» Records provided
<<<<

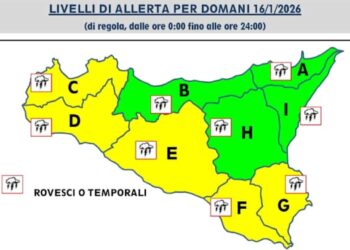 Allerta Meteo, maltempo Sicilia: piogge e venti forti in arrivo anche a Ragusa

>>>>
<<<<

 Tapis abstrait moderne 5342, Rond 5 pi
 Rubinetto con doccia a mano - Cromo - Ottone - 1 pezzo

>>>>
<<<<

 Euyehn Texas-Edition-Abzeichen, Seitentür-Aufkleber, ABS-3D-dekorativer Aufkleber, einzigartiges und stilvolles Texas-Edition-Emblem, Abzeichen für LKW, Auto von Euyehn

>>>>

» Task to complete
Above are the entries. Quote exactly the lines from the one bearing "Tapis abstrait moderne 5342, Rond 5 pi" through the one bearing "Rubinetto con doccia".

» Response to the exercise
 Tapis abstrait moderne 5342, Rond 5 pi
 Rubinetto con doccia a mano - Cromo - Ottone - 1 pezzo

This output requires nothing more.